- Born: 1969 (age 56–57) Montreal, Quebec
- Citizenship: Canadian
- Education: Trafalgar School for Girls, 1986 Vanier, 1988 Concordia University, 1990
- Occupations: film, television, and stage actress collage artist
- Partner: John L'Ecuyer

= Daniela Akerblom =

Canadian actress

Daniela Akerblom (born 1969) is a Canadian actress who has appeared on television, in films, and on stage. She was born in Montreal, Quebec, and studied at Concordia University. She also works as a collage artist. She speaks three languages fluently.

==Early life==
Akerblom attended Trafalgar School for Girls, graduating in 1986. Of her time at the school, she stated that she learned how to put faith in herself and her abilities. She was listed as attending the CEGEP at Vanier in 1986.

==Acting career==
After attending Concordia University from 1988 - 1990, Akerblom traveled to Paris. In 1991, Trafalgar reported that she was working in French film and television.
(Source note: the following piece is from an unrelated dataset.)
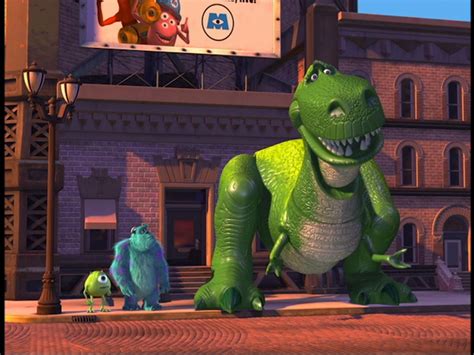 Toy Story Rex Cameo In Monsters Inc by dlee1293847 on DeviantArt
She spent several years there before returning to Montreal after being chosen by the students of Trafalgar to speak on 17 November 1994. At the time, she worked for Agence Artistique Pleiades both on screen and as a voice actress.

She has been a member of the Union des Artistes as a stage actor since at least 1987.

==Filmography==
- 1986: Sword of Gideon: Girl
- 1986: He Shoots, He Scores (Lance et compte) : Geneviève
- 1987: La Maison Deschênes [fr]: Élise Laurin
- 1989: Cruising Bar: Monique
- 1989: Le Destin du docteur Calvet : Sandy Leclerc
- 1991: Salut les musclés
- 1991: Sous le signe du poisson: Olsa
- 1992: Primary Motive: Announcer
- 1995: Vanished: Brigitte Saunders
- 1997: Snowboard Academy : Jessica
- 1997: An American Affair : Phyllis
- 1997: Omertà II - La loi du silence : Lyne Levert
- 1999: Kayla: Miss Washburn
- 1999: Babel : Receptionist
- 2000: Saint Jude : Drunk Girl in Club
- 22 February 2000: Les Prédateurs, episode: "Double": Danielle
- 2001: km/h : Femme allemande
- 2004: On the Verge of a Fever (Le Goût des jeunes filles): reporter
- 2010: Mirador : Femme de Ralf

==Stage performances==
June – August 1997: Flight of the Bumblebee at the Théâtre Saint-Saveur

==Non-performance artwork==
Akerblom has also created collages that have been featured in See Magazine (August 1996) as well as at the Reel Film Festival (November 2001). Several of her works were featured in a profile article in Kolaj (November 2017).

==Personal life==
In 2009, she was listed as the life partner of John L'Ecuyer in the Canadian Who's Who.